In drei ziemlich bekannten Scarlattisonaten wählt die Pianistin einen frischen, extrovertierten und pianistisch mutigen Zugriff, fern von jenen galanten oder überirdisch abgeklärten Charakteren, die man vor vielen Jahrzehnten etwa von Clara Haskil zu hören bekam, weitab auch von der apollinisch beherrschten Göttlichkeit, die der Italiener Arturo Benedetti Michelangeli geboten hat. Immerhin eignen sich Barbiers Einspielungen für stilistisch spannende Interpretationsvergleiche (Konzertflügel: Pletnev, Hewitt, Kostick und viele weitere), nicht zu vergessen Einspielungen auf period instruments (zu den fesselndsten Cembalisten gehört Jean Rondeau [Scarlatti CD, Erato]).

Die Mozartsonate C-Dur KV 545 (jeder kennt diese Sonate, nur der Bezug zum Titel der CD will sich mir nicht unbedingt zeigen) erreicht interpretatorisch vielleicht nicht ganz die Würde einer Pires, Haskil, Uchida, vielleicht auch nicht die wunderschöne delicatezza der heute fast schon vergessenen Ingrid Häbler; dennoch hörte ich Barbier gern zu, indem bei ihr manche Phrase beglückt, manches Motiv klangfarblich – im Rahmen des stilistisch Klassischen – überrascht.


Eine wunderbare Welt klingender Phrasierung eröffnet Kim Barbier in Debussys Clair de lune. Auch die Realisierung des Prélude (… Die Hügel von Anacapri) ist hörenswert und innovativ.
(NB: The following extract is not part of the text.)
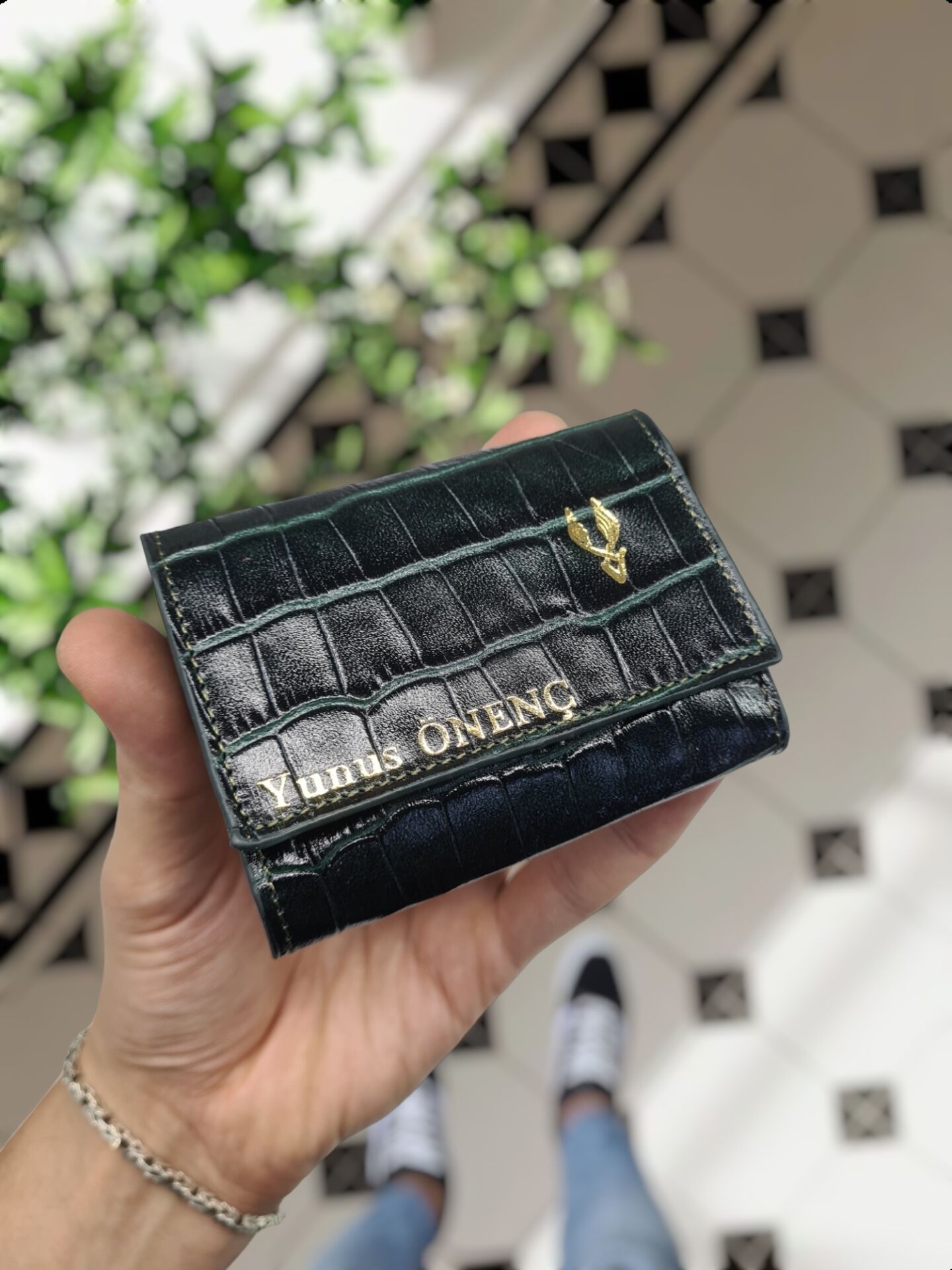 VİSSO 660 Hakiki Deri Kişiye Özel Akordeon Kartlık Model Deri Çanta Yeşil Croco Yaldızlı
Zwei Etüden und die 1. Ballade von Chopin werden (nicht nur) gut bewältigt; die g-moll-Ballade (hier neuneinhalb Minuten) atmet grandeur; trefflich gestaltet Barbier gerade die melancholischen, narrativen, nostalgischen Züge, welche diesem Genie-Wurf Chopins einkomponiert sind.

Mit dem die CD beschließenden, wahrlich schönen Brahms-Intermezzo op. 118,2 wäre ich sehr zufrieden, ohne dass freilich die vielschichtige, subtil atmende, lichtvolle Schönheit bei Sophie-Mayuko Vetter (Hänssler), die Tiefe E. Koroliovs (Tacet) oder die herbe Stringenz eines G. Gould in Vergessenheit geriete.


Eine Spur früher, Track 13, funkelt der vielleicht kostbarste Edelstein der ganzen Hörstunde: Eclats n° 2, komponiert und der Pianistin gewidmet von dem Cellisten Bruno Delepelaire: ein hoch interessantes, jede Sekunde lohnendes, pianistisch überaus wertvolles Stück Neuer Musik. Dynamik, melodische Gesten, Klangkonstellationen und Gravitationen – bis hin zu artifiziell stumpfen secco-Anschlägen – werden von Kim Barbier kongenial artikuliert und auch das Aphoristische der Komposition erscheint durch ihr subtiles Formgefühl. Nichts an dieser Komposition wäre im Voraus absehbar, berechenbar und doch überzeugt eine innere Folgerichtigkeit musikalisch, durch und durch. Spätestens hier halte ich gebannt den Atem an und möchte die vierminütige Komposition wieder und wieder hören."